Wiktionary:Persian entry guidelines

This is a Wiktionary policy, guideline or common practices page. This is a draft proposal. It is unofficial, and it is unknown whether it is widely accepted by Wiktionary editors.

Policies – Entries: CFI - EL - NORM - NPOV - QUOTE - REDIR - DELETE. Languages: LT - AXX. Others: BLOCK - BOTS - VOTES.

Shortcut:
WT:AFA

Entry layout

Below is a very basic example of a Persian entry:

==Persian==

===Etymology===
...

===Pronunciation===
{{fa-IPA|Classical romanization}}

===Part of Speech===
headword line

# 

===Further reading===
...

Linking to dialects and regional terms

While {{fa-regional}} is commonly used to link to the Tajik spelling, editors have decided to move Tajik spellings to the headword line and reserve {{fa-regional}} for dialectal differences that are not merely a difference in script.

Lemmatization

Spellings and pronunciations are lemmatized at formal Persian, however, regional and colloquial dialects of Persian are also included.

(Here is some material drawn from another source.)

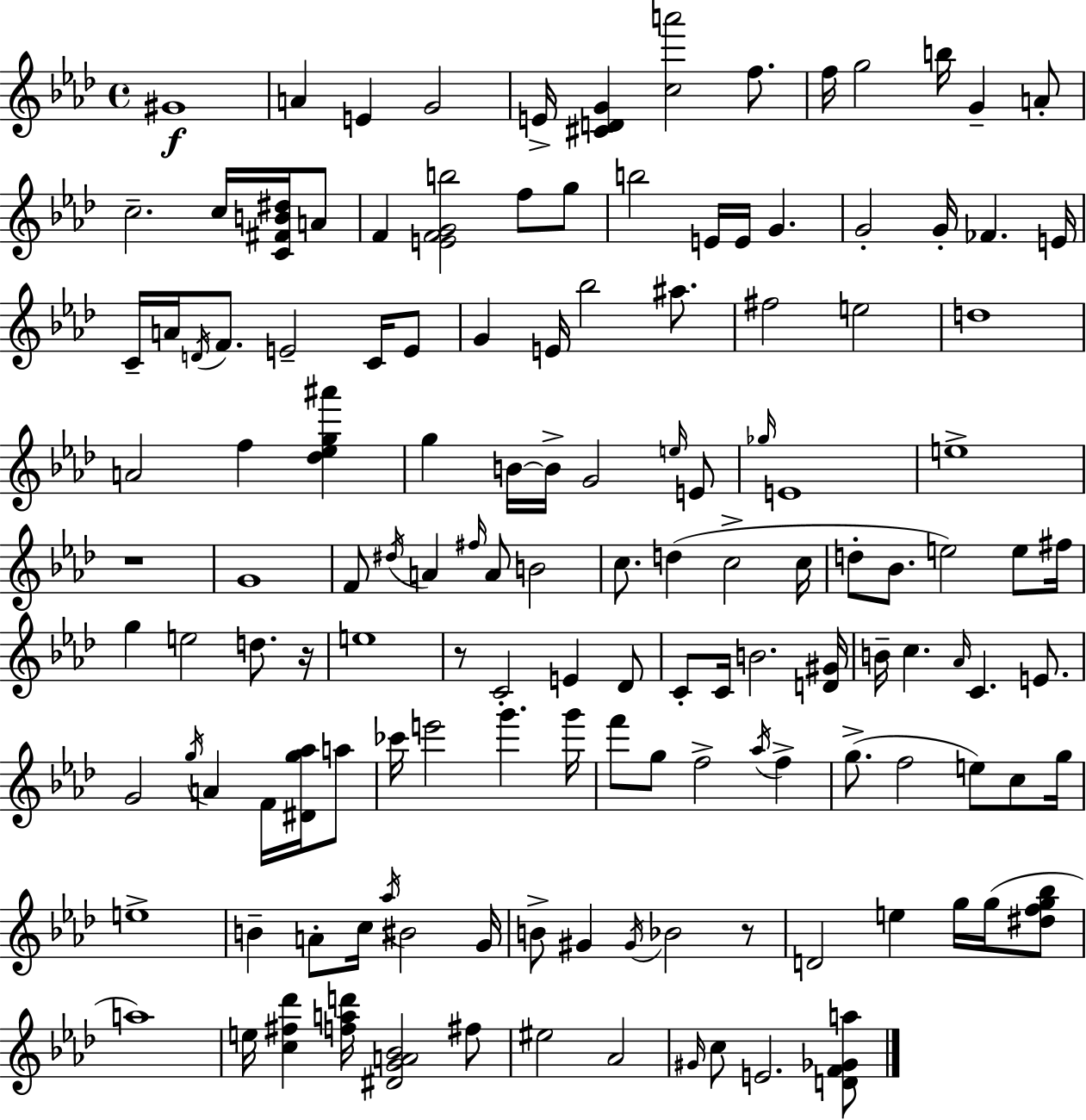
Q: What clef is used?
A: treble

Dialectal variants should typically be added as alternative forms, unless they do not derive from formal Persian, in which case they may be lemmas on their own. Dialectal pronunciations should also be listed under their corresponding formal pronunciation, when possible. See § Dialects and varieties for more.

When multiple etymologies are on a single page, they should be listed by commonality, but common terms existing in all major dialects (e.g. inherited terms or classical borrowings) should be listed above dialectal terms and alternative/inflected forms.

Hamza/Hamze

ء and its seated variants (ء, أ, إ, ؤ, ئ) should be included in the page title if it is included in standard Persian dictionaries. But the variants أ, إ should never appear at the beginning of the word, and the ء above هٔ is excluded.

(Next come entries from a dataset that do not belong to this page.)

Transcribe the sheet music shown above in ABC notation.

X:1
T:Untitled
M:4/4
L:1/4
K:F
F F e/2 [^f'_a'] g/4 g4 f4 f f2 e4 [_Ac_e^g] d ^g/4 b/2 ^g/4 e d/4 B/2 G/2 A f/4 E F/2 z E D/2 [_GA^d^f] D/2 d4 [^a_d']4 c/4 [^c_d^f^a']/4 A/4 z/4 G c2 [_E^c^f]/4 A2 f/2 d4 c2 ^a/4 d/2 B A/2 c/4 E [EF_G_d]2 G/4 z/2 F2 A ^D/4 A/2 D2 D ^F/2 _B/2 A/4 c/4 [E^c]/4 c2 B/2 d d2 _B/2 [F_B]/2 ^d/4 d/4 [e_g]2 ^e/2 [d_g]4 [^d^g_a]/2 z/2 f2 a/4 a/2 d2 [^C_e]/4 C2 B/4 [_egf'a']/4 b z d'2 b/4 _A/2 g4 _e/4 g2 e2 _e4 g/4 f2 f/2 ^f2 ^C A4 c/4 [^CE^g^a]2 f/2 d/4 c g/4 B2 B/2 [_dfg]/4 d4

For spelling variants without ء, use {{unhamzated|fa|}} to redirect to the lemma form.

Zero-width non-joiner

A Zero-width non-joiner (abbr. ZWNJ) is a type of invisible space used in Persian typesetting. It functions by preventing two letters from connecting, and by extension, forcing the previous letter to use its final form. The ZWNJ should only be used where it has a visual effect (i.e. never after the non-combining characters ا, د, ذ, ر, ز, ژ, و; and only ever between two letters), and should be removed in all other cases. The ZWNJ is still transliterated in cases where it would be written but can't because it follows a non-combining character.

If an entry was incorrectly made without a ZWNJ do not make a hard redirect as hard redirects affect all languages. Instead, create an entry at the correct title, and leave a soft redirect on the previous page. If a page name has a ZWNJ in an inappropriate position, the page should be deleted.

Unicode character encodings

Entries are lemmatized in the Persian alphabet (Arabic script), entries in romanized Persian are not added.

When differing from other Arabic script languages, ensure that Persian entries use Unicode code points assigned to Persian and never code points for other languages. As Arabic script characters are encoded with differing initial, medial, final, and isolated forms, it may be difficult to distinguish unicode letters in certain positions. A proper Persian keyboard on a computer should always use the correct encoding, so this section is unnecessary unless you do not have a proper Persian keyboard installed.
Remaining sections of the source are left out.